State v. Valentine
In State v. Valentine, 208 W. Va. 513, 541 S.E.2d 603 (2000), the Court refused to disturb a criminal conviction even though there was technical noncompliance by the trial court with all the requirements of Rule 11 of the West Virginia Rules of Criminal Procedure.
The defendant in Valentine entered a guilty plea to voluntary manslaughter. Subsequent to sentencing, the defendant sought to have the guilty plea set aside because the trial court failed to advise him that he could not withdraw his plea should the court impose a sentence in excess of the term proposed in his plea agreement.

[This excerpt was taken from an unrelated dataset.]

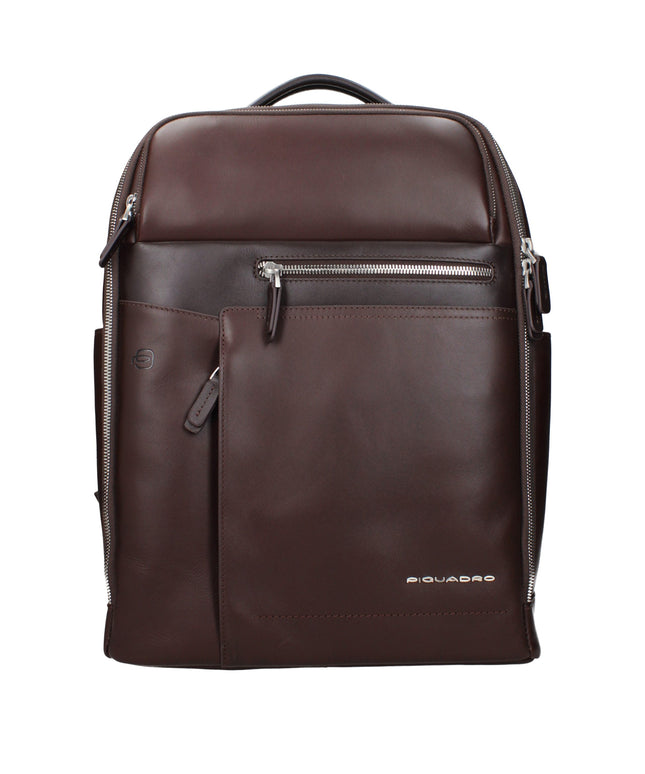 Piquadro Brown Leather Backpacks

The Court acknowledged in Valentine that, under Rule 11(e)(2), it is required that "the court shall advise the defendant that if the court does not accept the recommendation or request, the defendant nevertheless has no right to withdraw the plea."
In spite of the "mandatory" requirement of Rule 11(e)(2), this Court "refused to exalt form over substance in Rule 11 hearings." Valentine, 208 W. Va. at 517, 541 S.E.2d at 607.
In Valentine, the Court concluded that no evidence existed to prove that the defendant was under any false belief that he could withdraw his plea were he to be sentenced to more than the term recommended in the plea agreement.
Consequently, we found the technical violation of Rule 11(e)(2) to be with out prejudice.